Bu hastalıkların tedavilerinin ahlâk yoluyla mümkün olabileceğini benimseyen bazı ahlâkçılar, bu anlamda ahlâka “Tıbbu’r-Ruhânî” demişlerdir. İslam ahlâk ilmi, kitap, sünnet, akıl ve örfe dayanarak insanın mümkün olan en iyi olgunluğa, erdeme ulaştırmak için gerekli kuralları ve ilkeleri belirleyerek öğretir. Ahlâk Eğitiminin Gerekliliği İnsan sosyal bir varlık olmasından dolayı toplum halinde yaşamaya uygun bir şekilde yaratılmıştır ve buna da mecburdur. İlk günden beri insanlar sosyal hayatta yardımlaşma yoluyla ihtiyaçlarını gidererek, yaratılışları gereği yalnız değil, toplum halinde yaşamaktadırlar. Dolayısıyla insanın yaşamı içinde diğer insanlarla olan ilişkilerini düzenleyen hukuk ve dini sistemlerin yanında ahlâk sistemlerinin de olmasının gerekliliği kabul edilen bir gerçektir.
Nitekim insan ancak eğitim ve öğretimle layık olduğu erdem ve mutluluğa ve kendinden beklenen yaratılış gayesine ulaşabilir. Ahlâk öğretici, bilinmesi gerekenleri öğretirken, eğitimci de, öğrenilen ahlâk ilkelerine yatkınlığı ve yaşama yansıtma alışkanlığını kazandırır. Eğitimci, eğitimi altında bulunan kimselerin ruhlarının derinliğine kadar inip, onların duygu ve içgüdülerini düzenlenmesine katkı verir. Ahlâk eğitimi de güzel ahlâkın, iyi huyların özümsenmesi ve bunun teorik bilgisinin ve yaşamdaki önemini insanlara öğretmeyi amaçlar. Eğitim ve öğretim faaliyetiyle bunu yaparken, din, akıl, bilim, doğal yaşam, deney ve tecrübe, kültür, gelenek ve görenek gibi kaynaklardan destek alarak, nefsin olumsuzlukları (cimrilik, öfke, yalan, hırs vb) hakkında bilgilendirerek bu tür nefsi olumsuzluklardan kaçınmanın gerekliliği anlatılıp benimsetilmeye çalışılır.

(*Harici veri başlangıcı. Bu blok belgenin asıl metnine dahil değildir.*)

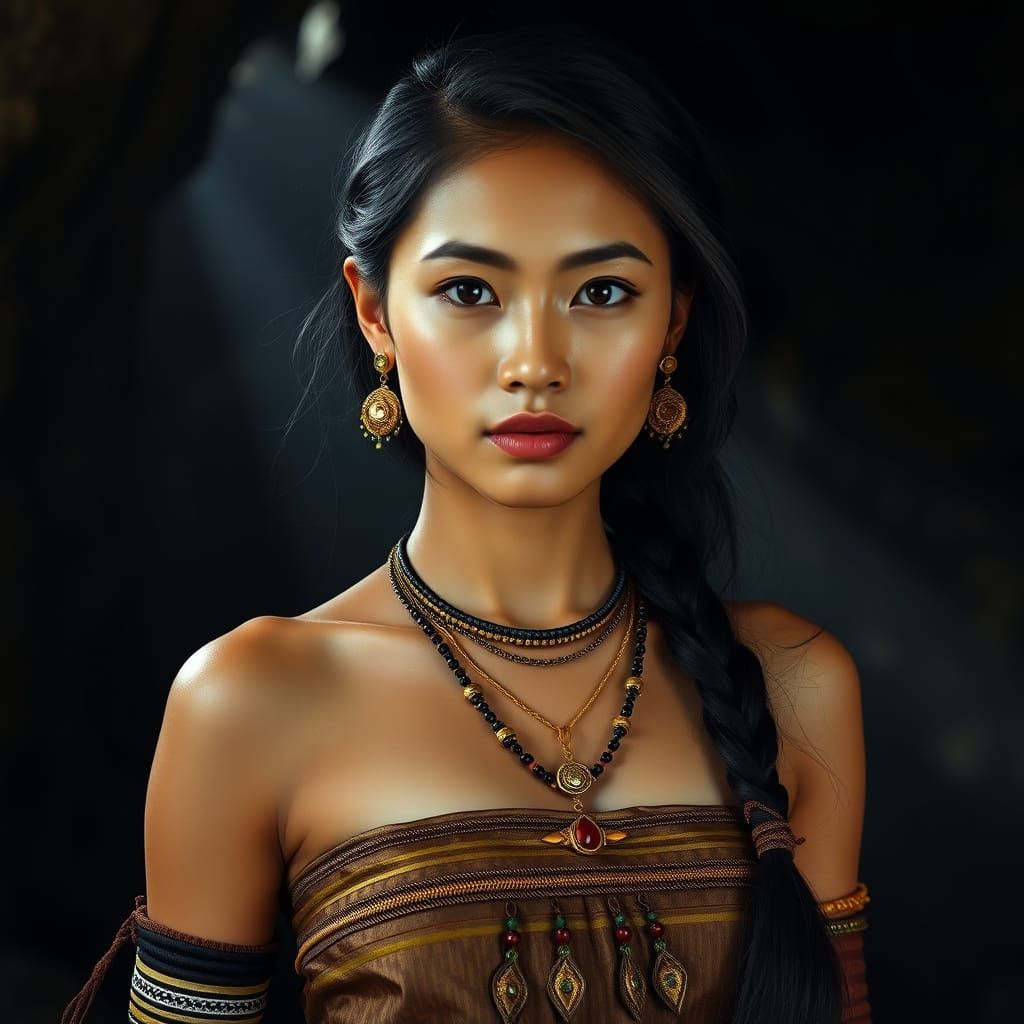 Ethereal Cave Beauty in Ancient Tribal Attire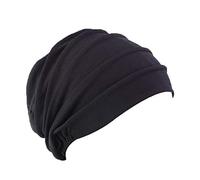 Pluto & Fox Berretto Turbante di Tessuto Cotone Colore Liscio per Le Donne Beanie Capelli per Chemioterapia Perdita dei Capelli di Notte di Oncologia di Chemio del Cancro (Nero)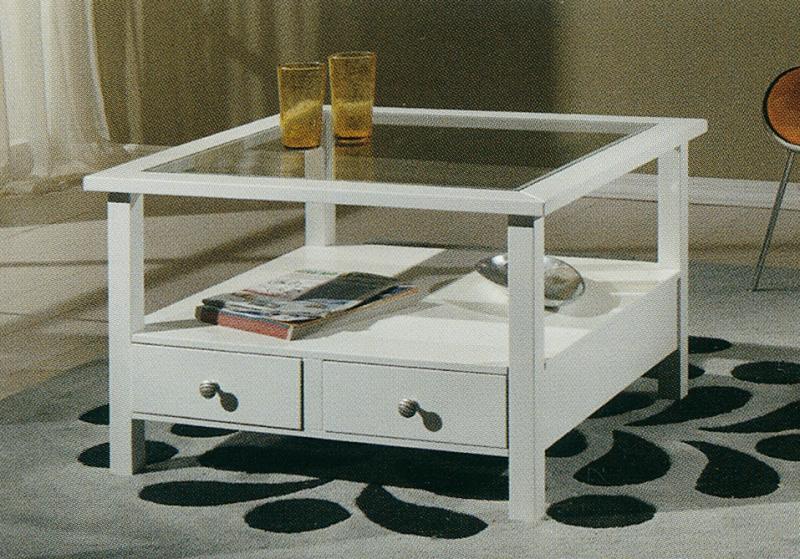 TAVOLINO  PIANO VETRO 2 CASSETTI FINITURA BIANCO OPACO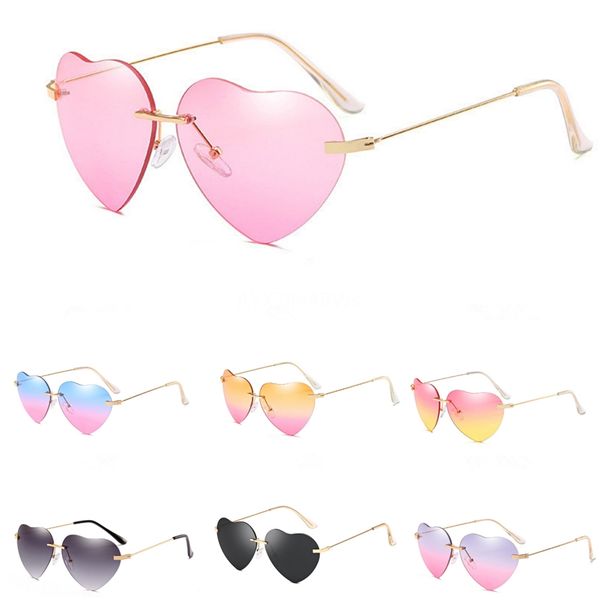 

fashion women exaggeration tears heart-shaped sunglasee rimless sunglass anti-uv spectacles eyeglasses adumbral goggle sunglass a++ #76925, White;black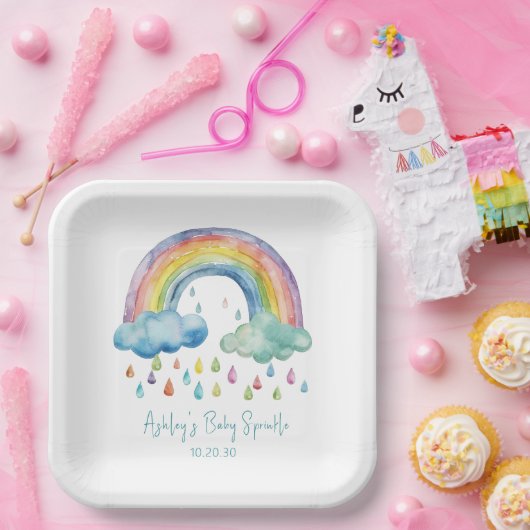 Boho Watercolor Rainbow Baby Sprinkle Pappteller (Party)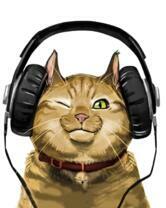Рыжий кот в больших наушниках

Ahlâkın konusu insanın eylemleridir. Bu anlamda klasik eğitim anlayışına göre ahlâk eğitimi, geçmişten günümüze taşınan bilgi, beceri, değer, erdem, ilke ve kuralların yeni nesillere aktarılıp benimsetilmesidir. Bu tür ahlâk eğitimine de “karakter eğitimi” de denilir. Bu anlayışa göre insan zihninde hiçbir şey olmadan, tabula rasa (boş levha) şeklinde dünyaya gelir ve yaşamı boyunca eğitim ve öğretimle o boş levha doldurulur. Yani insan hangi dış etkiye muhatap olursa onunla zihni donanıma sahip olur. Bunun için insanın doğru, yararlı donanıma sahip olabilmesi için, her alanda olduğu gibi, insanın ahlâk alanında da eğitime ihtiyacı vardır.